I get it. In Austin where I live there is a somewhat significant problem with “investment properties” that people bought to rent out as Airbnb’s. Sure they are annoying and they do take away housing from people. But when you look at the driving factors here in Austin for what takes away housing, STR’s, while not nothing, are a small fraction of the larger housing problem. Is it the same in NYC?

In the end, I’ve mostly switched back to using hotels over Airbnb. Last time I was in NYC I picked a hotel over Airbnb. I want that choice though. I want hotels to have to compete with Airbnb for my business. I don’t want some regulation making that choice for me - that kind of garbage anticompetitiveness is what made Airbnb appealing in the first place

> on one hand, people should have the ability to do what they want with properties they own

So no concerns if I start a pig fat rendering company next to your house?

In Houston, where I used to live, that is totally cool and legal and allowed.
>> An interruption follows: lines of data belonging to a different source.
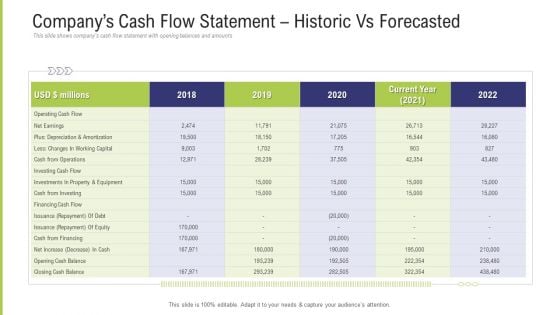 Funding Pitch Deck To Obtain Long Term Debt From Banks Companys Cash Flow Statement Historic Vs Forecasted Themes PDF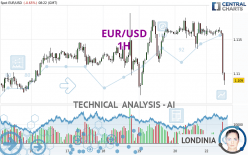 EUR/USD - 1H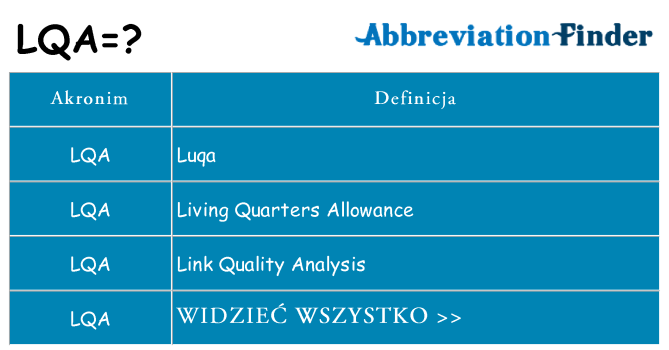 Co lqa oznaczać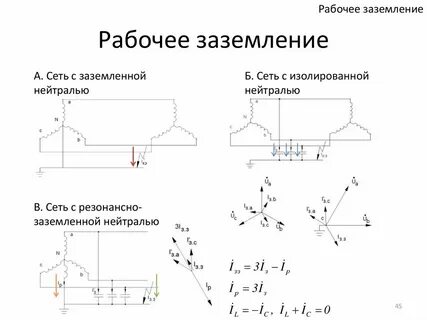 Заземление определение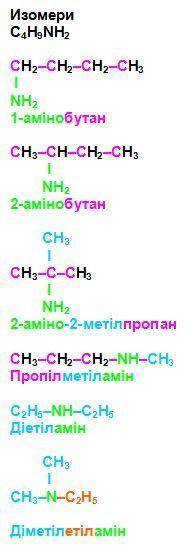 Складіть структурні формули можливих ізомерів для С4Н9NН2, дайте їм назви.​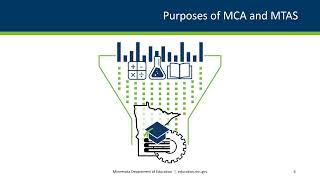 Introduction to MN Assessments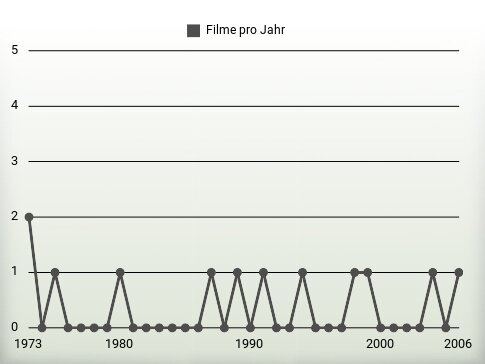 Filme pro Jahr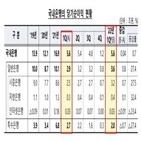 은행,금감원,대비,지난해,대손충당금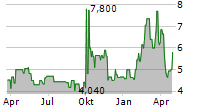 YIREN DIGITAL LTD ADR Chart 1 Jahr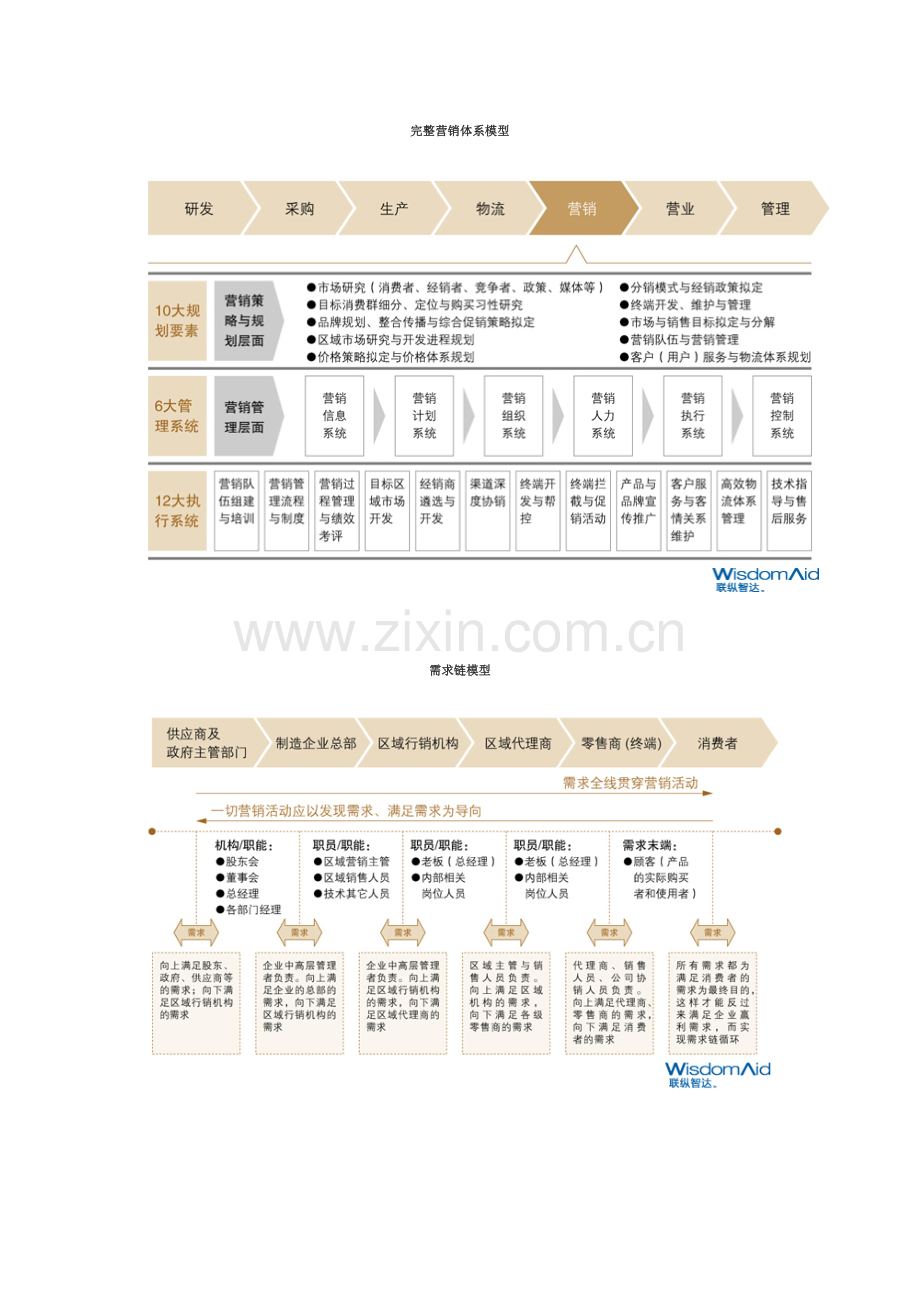 完整营销综合体系模型.docx_第1页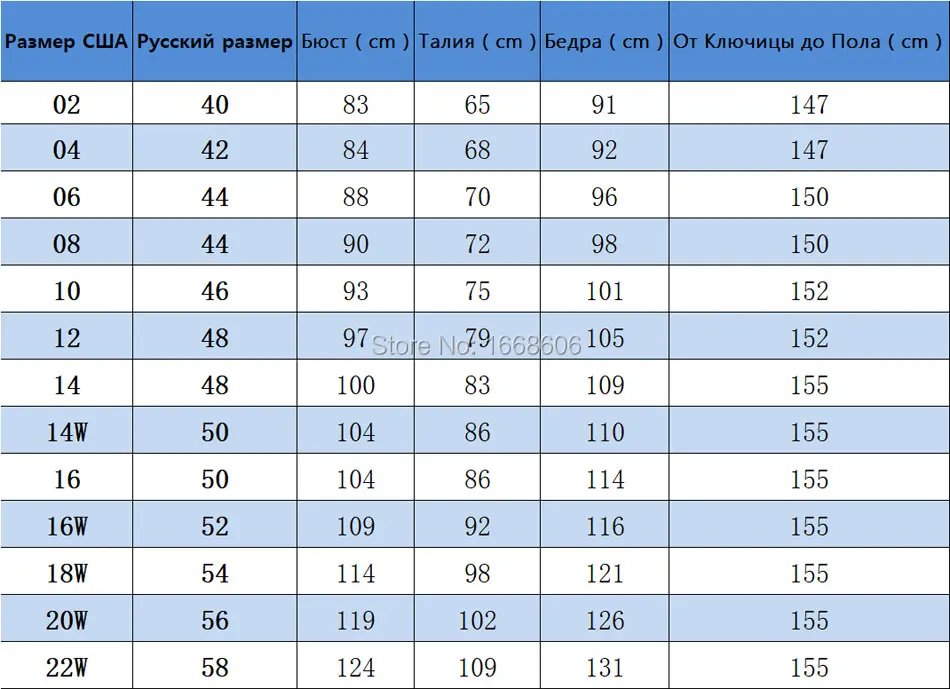 Длинные бордовые платья подружки невесты Платье-трапеция с открытыми плечами и полурукавом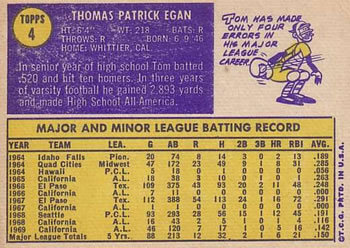 Tom Egan  baseball card collectible - Main Image 2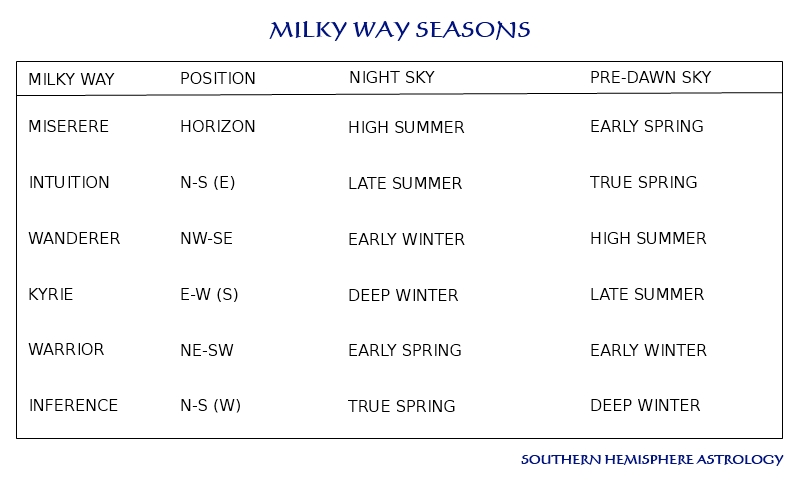 Milky Way Seasons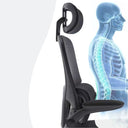 Sedia da Ufficio Ergonomica con Braccioli Pieghevoli, Poggiatesta e Supporto Lombare14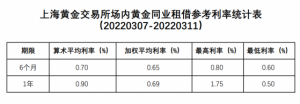 Read more about the article 上海黄金交易所场内黄金同业租借参考利率统计表（20220307-20220311）；6月期算数平均利率0.70%、加权平均利率0.65%、最高利率0.80%、最低利率0.60%；1年期算数平均利率0.90%、加权平均利率0.69%、最高利率1.75%、最低利率0.50%； 提供者 FX678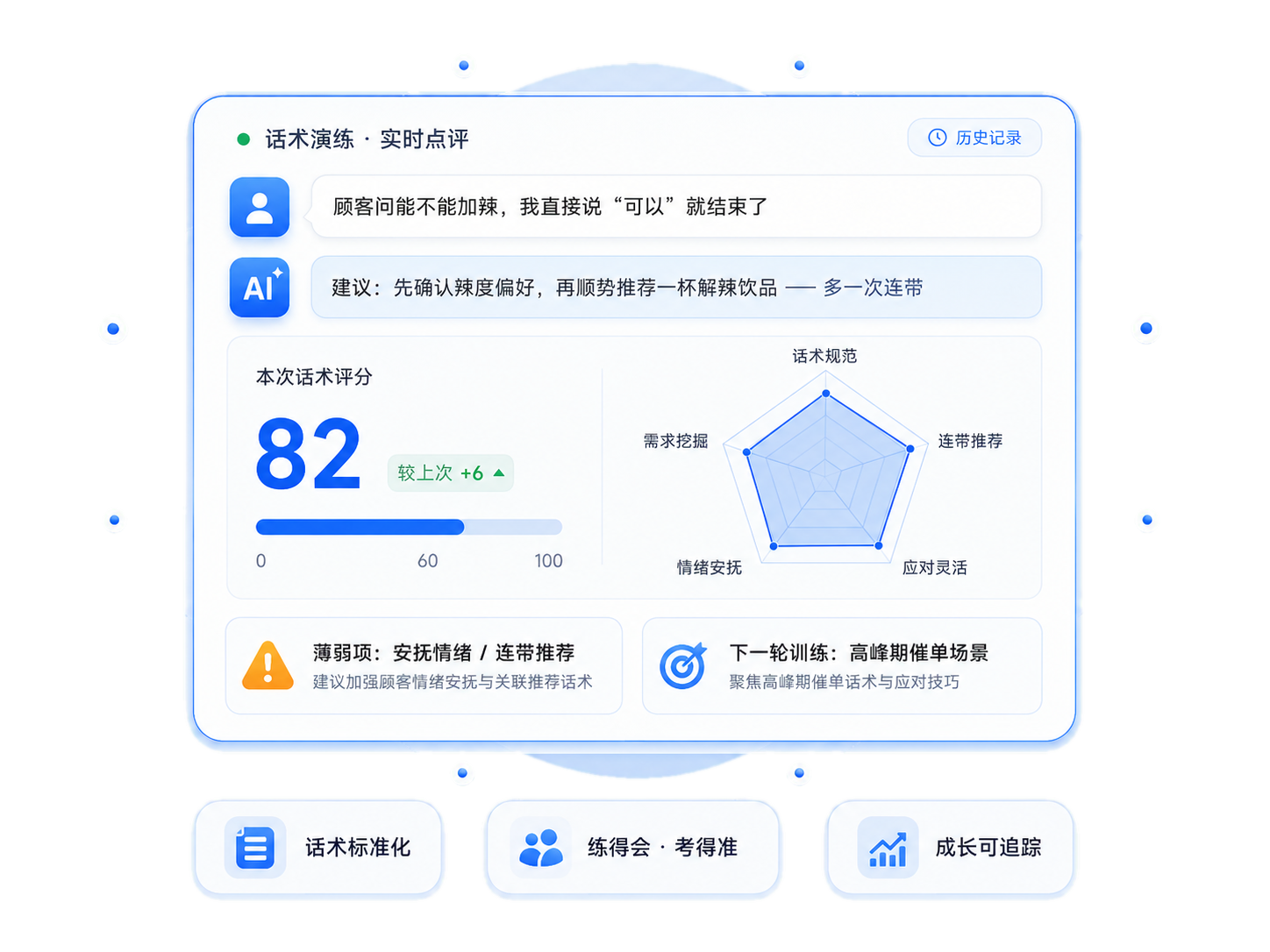 培训演练 Agent 模拟门店服务话术并给出点评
If there are concerns, too bad. I can’t definitely say that it made life worse or better, as I didn’t live there for long enough as an adult to make an informed decision.

So if you want the answer to that question look to Houston - it’s one of the very few places in the world that you can actually ask that question and get an answer back that is based on real world boots on the ground experience of a land without zoning

That's because the lack of zoning in Houston is a huge shell game. Sure, there's no zoning, but there are still location rules that provide similar advances. For instance, if you construct or add to a hotel, you have to provide access via a limited access freeway or a four-plus lane road and cannot access it from a residential street, and it cannot be within a certain distance of a church, school, park, etc.

Which is relevant because hotels and AirBnBs are pretty similar.

I have heard of rules like this. I do think this is quite interesting because laws like this mean that de jure there is no zoning laws in houston but de facto you cannot do major developments without essentially abiding by some zoning laws that are not necessarily codified in the code. It does leave a lot more room open for interpretation than you would have in your typical city though.
>pig fat rendering

As long as you use Blender, it's fine.

From a quick search, metro is about 750 homes. So its quite a bit
>The free market had its chance to operate for the past decade in NY since Airbnb has come into existence

My personal experience with the NYC housing market is exactly zero and even I know it's heavily regulated. Its rent control is known globally.

>My personal experience with the NYC housing market is exactly zero and even I know it's heavily regulated. Its rent control is known globally.

It may be well known globally, but rent controlled apartments make up ~1% of the housing stock. In order to have a rent controlled apartment, the building needs to have been built before 1947 and it must have been continuously occupied by the same family since at least 1971.

Rent stabilized apartments (IIRC, there are ~800,000 of them including mine) are only in buildings built before 1974 with more than six rental units. What's more, rent increases are set each year and can range anywhere from <1 to >5%. If the owner spends a certain amount on renovations to a vacant apartment, the rent stabilization law no longer applies and the unit can be rented at market rates.

Yes, there is significant regulation of rental units for ~30% of the rental stock, but beyond that it's whatever the market will bear.

Edit: Removed incorrect information about rent caps on rent stabilized apartments.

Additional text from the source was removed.